Proving that $\sqrt{2}+\sqrt{3}$ is irrational [duplicate]
Solution 1:
$(\sqrt3+\sqrt2)(\sqrt3-\sqrt2)=3-2=1$ is rational, so if the first factor were rational, so would be the second, and their difference $2\sqrt2$. But surely you know that the latter isn't rational.
Solution 2:
Hint $\ \sqrt2 +\sqrt3 = r\in\Bbb Q\,\overset{\large\rm square}\Rightarrow\ 5+2\sqrt 6 = r^2 \,\Rightarrow\ \sqrt 6 = (r^2-5)/2 \in \Bbb Q,\,$ contradiction,
since $\,\sqrt{6} = a/b\,\Rightarrow\, 6b^2 = a^2\,$ has an odd number of $2$'s on the LHS, but an even number on RHS (by uniqueness of prime factorizations).

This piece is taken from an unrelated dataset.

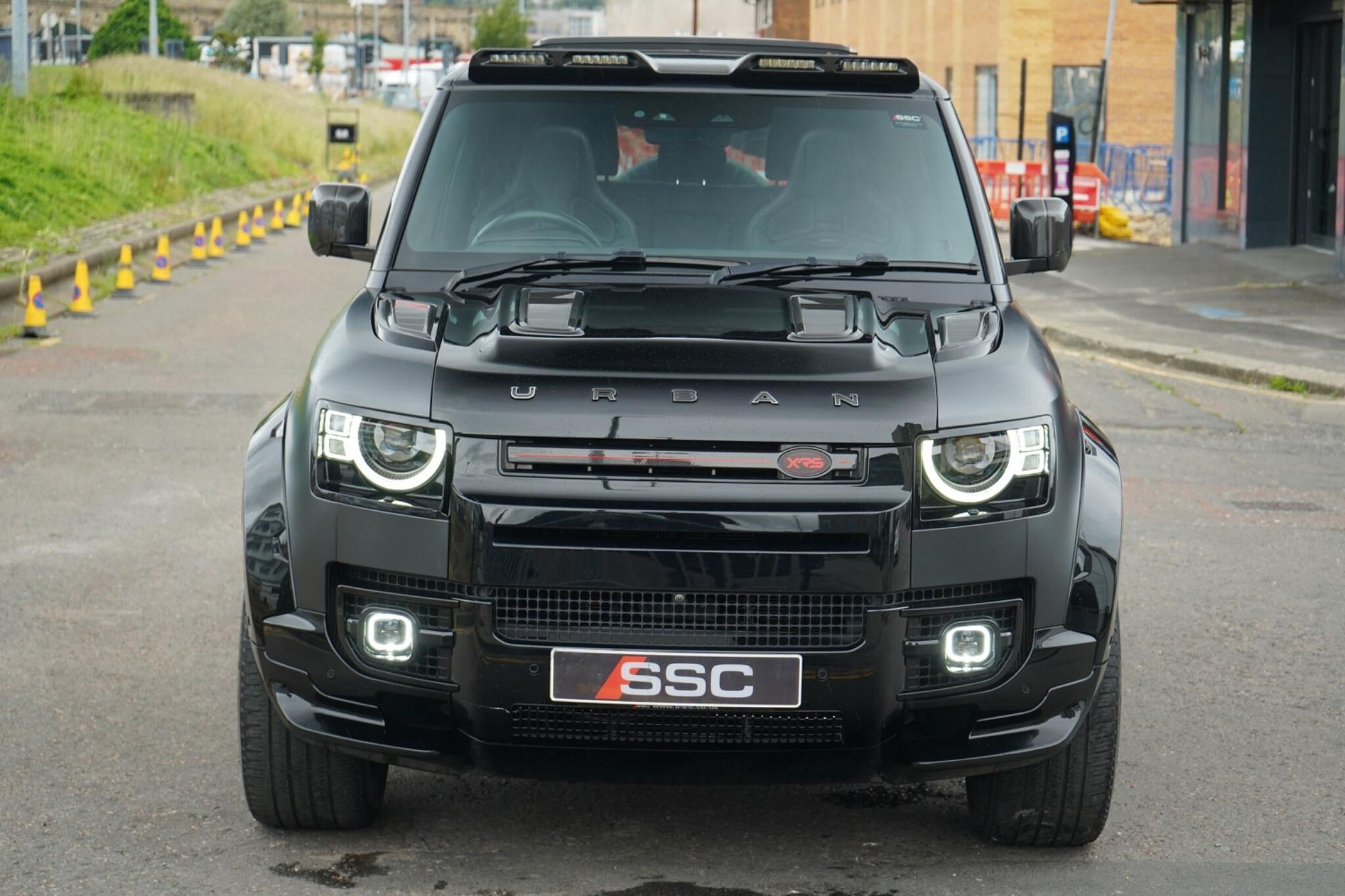 LAND ROVER DEFENDER ESTATE SPECIAL EDITIONS 5.0 P525 V8 Carpathian Edition 90 3dr Auto for sale UK - Slide 6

There are also many other ways, e.g. using the Rational Root Test on its minimal polynomial, or using Bezout, etc see prior posts here.
Solution 3:
Let $x=\sqrt2+\sqrt3$. Then this is a solution to the equation $0=x^4-10x^2+1$. By rational root theorem, this equation has no rational solution. Therefore, $x$ must be irrational.